Oh, wait, it's just art, it's not about real life. No need to get angry.
The contrast between the masculine icons and the soft, knitted suits provides a provocative visual, says curator John Spiak. "It opens a broad dialogue on gender identity --more specifically, characteristics of masculinity and how they are perceived in our society. Newport's use of knitting and embroidery, combined with superhero imagery, provides an unexpected surprise [what other kind is there?--CK] that immediately engages the viewer."
The only broad dialogue this opens is series of wide-mouthed yawns. Spiak's buddies have been undermining masculinity for years. See Jon Haddock, for example, who has paintings of himself and his wife in superhero costumes.

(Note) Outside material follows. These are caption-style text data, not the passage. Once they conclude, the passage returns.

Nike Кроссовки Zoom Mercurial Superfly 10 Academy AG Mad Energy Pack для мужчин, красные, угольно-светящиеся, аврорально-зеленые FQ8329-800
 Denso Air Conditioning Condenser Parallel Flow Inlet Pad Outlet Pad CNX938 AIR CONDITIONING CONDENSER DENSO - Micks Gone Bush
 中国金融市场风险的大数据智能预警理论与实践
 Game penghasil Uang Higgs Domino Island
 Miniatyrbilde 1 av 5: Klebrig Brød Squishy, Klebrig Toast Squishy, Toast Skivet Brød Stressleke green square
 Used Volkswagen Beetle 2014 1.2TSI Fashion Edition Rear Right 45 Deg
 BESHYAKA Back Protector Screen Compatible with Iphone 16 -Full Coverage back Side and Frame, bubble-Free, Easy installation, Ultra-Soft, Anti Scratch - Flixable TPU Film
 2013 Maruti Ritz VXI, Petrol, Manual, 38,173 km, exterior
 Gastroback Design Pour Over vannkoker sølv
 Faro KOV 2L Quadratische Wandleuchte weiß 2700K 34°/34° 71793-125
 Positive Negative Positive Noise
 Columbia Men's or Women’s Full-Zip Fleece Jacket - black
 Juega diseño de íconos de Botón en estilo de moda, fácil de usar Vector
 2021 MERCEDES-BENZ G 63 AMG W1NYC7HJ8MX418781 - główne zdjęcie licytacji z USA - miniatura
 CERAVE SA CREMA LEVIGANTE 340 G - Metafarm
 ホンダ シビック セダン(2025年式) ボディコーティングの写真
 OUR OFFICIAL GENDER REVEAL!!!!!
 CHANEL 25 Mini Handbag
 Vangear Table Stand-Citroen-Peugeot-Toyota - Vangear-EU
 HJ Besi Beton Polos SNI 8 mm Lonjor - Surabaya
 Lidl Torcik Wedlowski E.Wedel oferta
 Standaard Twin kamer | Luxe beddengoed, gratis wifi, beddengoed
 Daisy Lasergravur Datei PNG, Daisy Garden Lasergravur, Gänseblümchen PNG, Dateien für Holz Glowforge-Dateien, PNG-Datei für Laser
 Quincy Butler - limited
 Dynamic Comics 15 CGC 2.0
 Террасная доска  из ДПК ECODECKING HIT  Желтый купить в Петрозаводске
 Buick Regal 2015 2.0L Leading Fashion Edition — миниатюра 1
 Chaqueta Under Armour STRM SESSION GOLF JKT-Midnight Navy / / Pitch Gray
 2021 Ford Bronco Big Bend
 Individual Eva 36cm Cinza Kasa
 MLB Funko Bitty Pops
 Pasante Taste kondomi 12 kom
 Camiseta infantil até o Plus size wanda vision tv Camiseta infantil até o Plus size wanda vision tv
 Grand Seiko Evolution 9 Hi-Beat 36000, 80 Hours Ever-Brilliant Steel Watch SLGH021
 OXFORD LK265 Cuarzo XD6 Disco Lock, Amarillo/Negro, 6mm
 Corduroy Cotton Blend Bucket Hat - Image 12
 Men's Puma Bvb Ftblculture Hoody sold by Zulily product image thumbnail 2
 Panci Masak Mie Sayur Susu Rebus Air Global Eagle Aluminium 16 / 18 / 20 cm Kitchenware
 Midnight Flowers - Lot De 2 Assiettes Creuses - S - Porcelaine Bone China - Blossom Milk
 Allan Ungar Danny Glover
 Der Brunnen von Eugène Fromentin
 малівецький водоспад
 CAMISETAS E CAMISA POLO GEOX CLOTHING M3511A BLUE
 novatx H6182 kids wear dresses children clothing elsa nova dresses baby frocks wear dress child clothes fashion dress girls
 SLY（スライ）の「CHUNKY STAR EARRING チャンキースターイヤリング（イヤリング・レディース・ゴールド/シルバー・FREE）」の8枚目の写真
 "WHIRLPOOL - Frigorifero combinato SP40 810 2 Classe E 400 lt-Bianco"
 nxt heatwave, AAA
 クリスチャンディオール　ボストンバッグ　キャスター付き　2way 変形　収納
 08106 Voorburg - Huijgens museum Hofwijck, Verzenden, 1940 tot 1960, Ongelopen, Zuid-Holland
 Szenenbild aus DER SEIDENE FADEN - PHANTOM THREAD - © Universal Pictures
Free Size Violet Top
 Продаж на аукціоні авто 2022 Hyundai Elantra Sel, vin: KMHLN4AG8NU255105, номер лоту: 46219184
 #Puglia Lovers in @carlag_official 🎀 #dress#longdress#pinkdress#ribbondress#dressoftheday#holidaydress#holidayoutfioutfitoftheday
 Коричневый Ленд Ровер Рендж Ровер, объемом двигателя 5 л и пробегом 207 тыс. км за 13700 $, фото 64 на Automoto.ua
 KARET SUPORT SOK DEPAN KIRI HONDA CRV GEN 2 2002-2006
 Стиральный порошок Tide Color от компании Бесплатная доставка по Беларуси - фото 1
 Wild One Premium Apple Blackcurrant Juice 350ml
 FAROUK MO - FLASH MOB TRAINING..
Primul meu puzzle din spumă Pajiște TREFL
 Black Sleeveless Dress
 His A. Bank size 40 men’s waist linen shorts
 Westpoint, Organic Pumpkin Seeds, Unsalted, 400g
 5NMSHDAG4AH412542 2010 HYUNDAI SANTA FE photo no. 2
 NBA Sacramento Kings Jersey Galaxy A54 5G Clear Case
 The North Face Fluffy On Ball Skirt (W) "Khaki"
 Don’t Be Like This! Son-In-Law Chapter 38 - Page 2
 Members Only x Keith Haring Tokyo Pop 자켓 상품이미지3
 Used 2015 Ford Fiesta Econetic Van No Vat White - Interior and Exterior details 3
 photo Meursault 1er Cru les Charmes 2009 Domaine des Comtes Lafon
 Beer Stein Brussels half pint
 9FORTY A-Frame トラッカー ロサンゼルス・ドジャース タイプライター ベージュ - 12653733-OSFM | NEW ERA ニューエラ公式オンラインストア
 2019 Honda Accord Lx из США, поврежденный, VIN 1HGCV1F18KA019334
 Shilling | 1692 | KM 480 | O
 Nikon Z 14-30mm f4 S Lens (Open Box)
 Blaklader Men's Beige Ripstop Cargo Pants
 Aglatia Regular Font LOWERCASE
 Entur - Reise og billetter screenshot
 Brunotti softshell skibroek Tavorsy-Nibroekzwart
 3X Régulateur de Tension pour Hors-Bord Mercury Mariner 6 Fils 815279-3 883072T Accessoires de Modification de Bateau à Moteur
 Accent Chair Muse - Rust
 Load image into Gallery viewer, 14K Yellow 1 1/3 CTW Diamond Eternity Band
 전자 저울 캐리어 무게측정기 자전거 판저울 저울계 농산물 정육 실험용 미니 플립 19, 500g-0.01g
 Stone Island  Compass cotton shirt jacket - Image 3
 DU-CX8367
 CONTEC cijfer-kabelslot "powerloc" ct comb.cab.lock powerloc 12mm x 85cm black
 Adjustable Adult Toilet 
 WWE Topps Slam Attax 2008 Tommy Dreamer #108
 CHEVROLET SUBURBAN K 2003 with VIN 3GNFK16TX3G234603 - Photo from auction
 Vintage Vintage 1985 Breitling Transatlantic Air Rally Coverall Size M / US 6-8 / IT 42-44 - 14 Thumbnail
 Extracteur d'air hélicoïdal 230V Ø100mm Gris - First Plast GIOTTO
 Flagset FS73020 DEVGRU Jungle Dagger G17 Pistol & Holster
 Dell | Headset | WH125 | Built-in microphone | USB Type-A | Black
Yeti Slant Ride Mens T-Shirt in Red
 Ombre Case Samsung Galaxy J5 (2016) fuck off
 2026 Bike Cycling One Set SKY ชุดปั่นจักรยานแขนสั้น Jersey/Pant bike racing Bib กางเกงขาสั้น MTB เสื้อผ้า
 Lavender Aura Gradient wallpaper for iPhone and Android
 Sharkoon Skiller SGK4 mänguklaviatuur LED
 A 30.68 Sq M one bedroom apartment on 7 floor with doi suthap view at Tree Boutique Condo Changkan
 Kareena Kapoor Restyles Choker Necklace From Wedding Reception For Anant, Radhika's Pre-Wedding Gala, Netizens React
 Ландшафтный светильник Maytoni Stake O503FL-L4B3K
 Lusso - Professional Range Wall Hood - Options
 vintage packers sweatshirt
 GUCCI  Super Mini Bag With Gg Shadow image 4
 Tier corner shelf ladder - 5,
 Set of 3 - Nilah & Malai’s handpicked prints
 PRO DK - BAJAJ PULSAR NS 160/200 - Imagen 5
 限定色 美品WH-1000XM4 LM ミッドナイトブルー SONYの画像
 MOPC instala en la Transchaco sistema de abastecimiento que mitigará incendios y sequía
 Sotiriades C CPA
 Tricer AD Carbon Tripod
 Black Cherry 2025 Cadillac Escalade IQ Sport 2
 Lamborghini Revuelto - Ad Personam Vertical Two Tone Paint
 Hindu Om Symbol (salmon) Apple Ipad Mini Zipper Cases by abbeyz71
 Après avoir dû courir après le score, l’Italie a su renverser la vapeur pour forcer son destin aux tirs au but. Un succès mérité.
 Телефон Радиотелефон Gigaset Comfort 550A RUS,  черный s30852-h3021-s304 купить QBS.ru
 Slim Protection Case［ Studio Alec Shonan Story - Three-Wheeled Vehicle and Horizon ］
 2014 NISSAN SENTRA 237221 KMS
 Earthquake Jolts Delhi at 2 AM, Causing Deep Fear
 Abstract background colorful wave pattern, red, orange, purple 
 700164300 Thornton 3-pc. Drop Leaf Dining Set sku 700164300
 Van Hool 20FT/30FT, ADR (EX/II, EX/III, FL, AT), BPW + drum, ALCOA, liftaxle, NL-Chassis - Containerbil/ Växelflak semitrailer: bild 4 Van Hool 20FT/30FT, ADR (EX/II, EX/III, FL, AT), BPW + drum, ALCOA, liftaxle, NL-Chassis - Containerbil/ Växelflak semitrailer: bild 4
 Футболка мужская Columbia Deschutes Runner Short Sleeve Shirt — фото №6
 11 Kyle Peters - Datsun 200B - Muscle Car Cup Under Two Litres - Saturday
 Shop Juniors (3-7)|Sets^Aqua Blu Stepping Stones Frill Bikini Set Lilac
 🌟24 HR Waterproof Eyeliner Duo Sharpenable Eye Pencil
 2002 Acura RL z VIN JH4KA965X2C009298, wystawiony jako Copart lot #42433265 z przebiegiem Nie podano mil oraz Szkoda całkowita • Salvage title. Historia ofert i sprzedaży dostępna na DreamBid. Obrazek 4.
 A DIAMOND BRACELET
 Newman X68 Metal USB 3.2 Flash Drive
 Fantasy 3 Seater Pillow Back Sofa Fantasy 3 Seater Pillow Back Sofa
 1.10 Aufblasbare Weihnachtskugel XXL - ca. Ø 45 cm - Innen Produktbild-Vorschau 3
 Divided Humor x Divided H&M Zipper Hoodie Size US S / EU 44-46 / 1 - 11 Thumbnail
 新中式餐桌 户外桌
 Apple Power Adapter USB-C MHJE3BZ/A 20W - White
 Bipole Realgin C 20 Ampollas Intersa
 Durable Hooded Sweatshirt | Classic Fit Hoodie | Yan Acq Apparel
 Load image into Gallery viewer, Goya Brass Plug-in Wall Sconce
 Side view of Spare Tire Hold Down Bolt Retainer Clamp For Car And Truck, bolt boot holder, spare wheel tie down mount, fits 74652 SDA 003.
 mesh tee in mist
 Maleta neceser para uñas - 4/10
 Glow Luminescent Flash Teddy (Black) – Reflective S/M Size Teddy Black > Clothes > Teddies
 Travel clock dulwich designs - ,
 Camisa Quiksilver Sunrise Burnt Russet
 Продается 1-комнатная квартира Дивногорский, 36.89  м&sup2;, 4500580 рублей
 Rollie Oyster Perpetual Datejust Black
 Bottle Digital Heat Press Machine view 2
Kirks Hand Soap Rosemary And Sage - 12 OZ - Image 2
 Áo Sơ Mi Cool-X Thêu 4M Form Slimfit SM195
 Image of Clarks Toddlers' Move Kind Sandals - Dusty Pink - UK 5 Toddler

This is an old, old story of envy. As a teenager and young adult, I speculate, Newport gazed for long hours upon the pictorial forms of well-formed men, fictional and real, from the Marvel Heroes to the real marvels, whom he collected in sports trading cards. He spread them out on his floor and gazed at them and felt . . . small and inadequate and unable to measure up. (Perhaps, in a household of women, he had few male models and maybe too many earfuls about untrustworthy men.) He studied the heroes, the powerful and competent heroes. For years, apparently.
And then he started poking holes in them with pins and needles. I don't know why, but he did.
And poking and poking and poking, with his long needles, for many years now.
Then he fills the holes, covering up these heroes up with various materials --beads, thread, cloth, ribbons-- transforming them, emasculating them, redefining them, obliterating them. They're gone, the way they were, the way they were supposed to be. They're his now. He's safe. It's all about you, Mark.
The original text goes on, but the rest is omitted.